Today I’ve been working to fix an old problem which beats us, Python users, from time to time: the recursive limitation in the regular expression engine, SRE. I’ll probably talk more about this fix in the future. For now, I’d like to explain a technique I’ve used, following a suggestion by Skip Montanaro (thanks Skip!), to improve the test suite of the SRE engine. This technique consists of using the gcov tool, part of gcc, to obtain a coverage report from the test suite.
Ok.. here we go. The first thing to do is to compile _sre.c with coverage support. Checking the manual of gcov you’ll see that we need the options -fprofile-arcs -ftest-coverage while compiling the _sre.o object, so that it generates the necessary information while Python is running functions inside it. Let’s do it (I got the original command from make output):
gcc -fprofile-arcs -ftest-coverage -pthread -g -Wall -Wstrict-prototypes -I. -I./Include -DPy_BUILD_CORE -c ./Modules/_sre.c -o Modules/_sre.o
Besides generating the object with support to coverage tests, it will output the following files:
- tmp.stdout.22153.bb
- tmp.stdout.22153.bbg
This is a little bit strange, since the manual and the gcov program says these files should be called _sre.bb and _sre.bbg. Luckily, it was just a matter of renaming these files to the right names.
Now that we have the “right” object, with coverage test support, we can ask make to do the rest of the work for us.

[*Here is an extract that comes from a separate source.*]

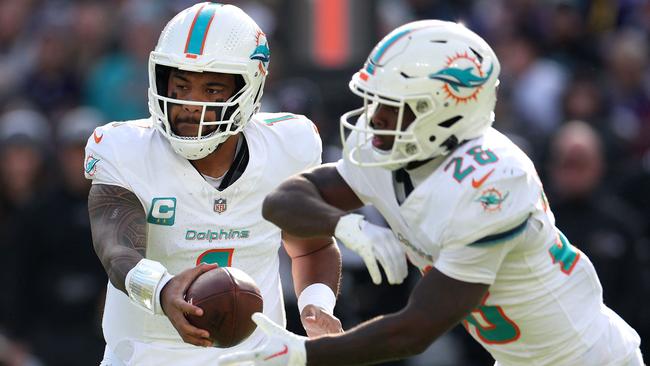 Quarterback Tua Tagovailoa of the Miami Dolphins fakes a hand-off to running back De'Von Achane in Week 17 Picture: Rob Carr/Getty Images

After running it you’ll get the python executable we’ll use in our coverage tests.
Ok.. we have the prepared executable, and some of the necessary information files. We need one more information file, before running gcov: the file which is generated when the test suite is run, with the coverage information for _sre.c. To get this file, it’s just a matter of running the test suite with our “magic” python executable:
./python Lib/test/test_re.py
After that, we got the last needed file:
- tmp.stdout.19080.da
Rename it to _sre.da as you did with the other ones. You’ll probably want to automate some of these steps to achieve a fast test cycle.

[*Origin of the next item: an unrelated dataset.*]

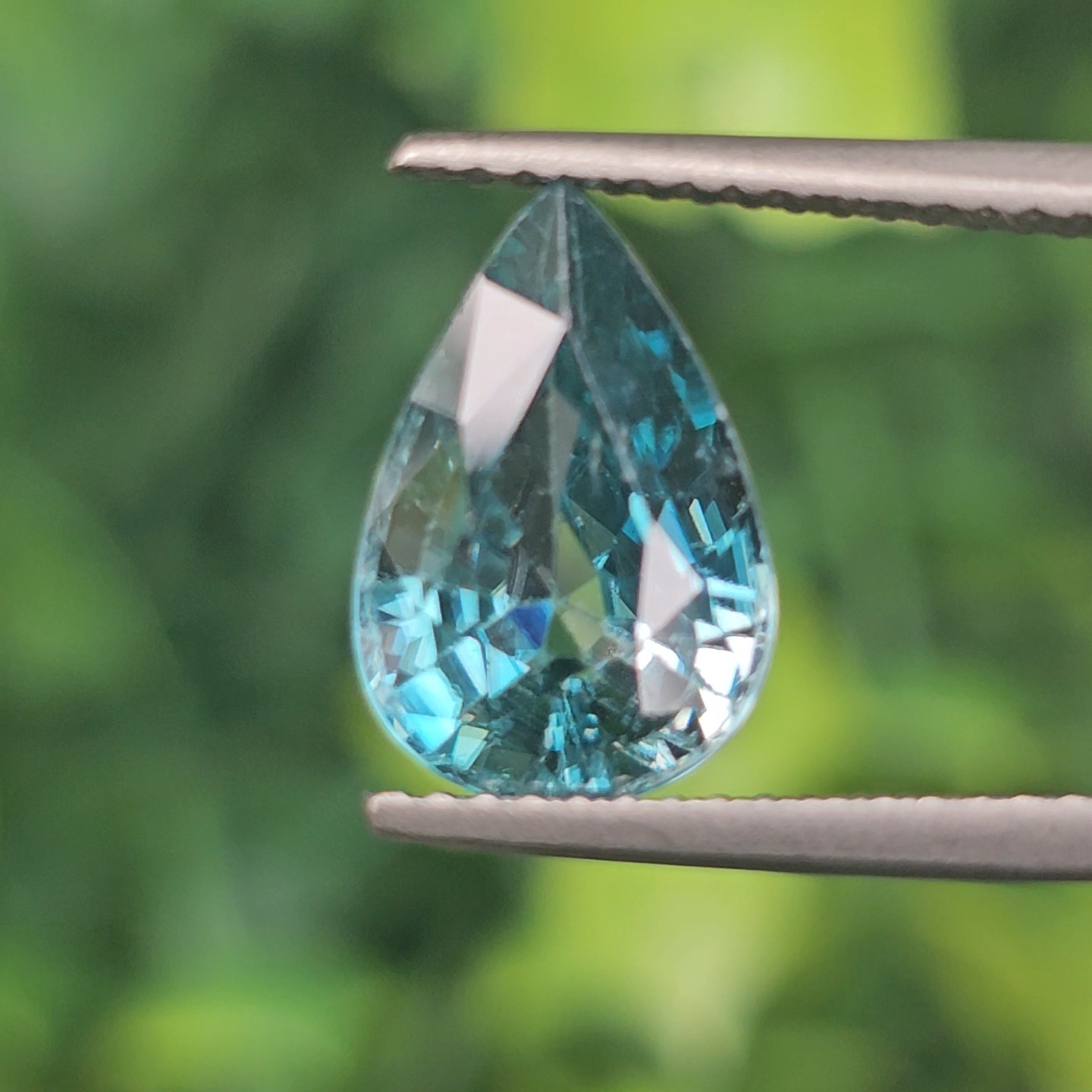 เพทาย Natural Zircon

Now we’re ready to get our coverage report:
gcov -o . Modules/_sre.c
Bingo! We should have a file named _sre.c.gcov in the current directory. This is a text report which includes the source code with information about how many times each line was executed, and marks like ###### showing which ones weren’t executed at all.
With this information, we are able to improve the test suite, making it cover as much as possible from the module code (after some iterations, of course ;-) ).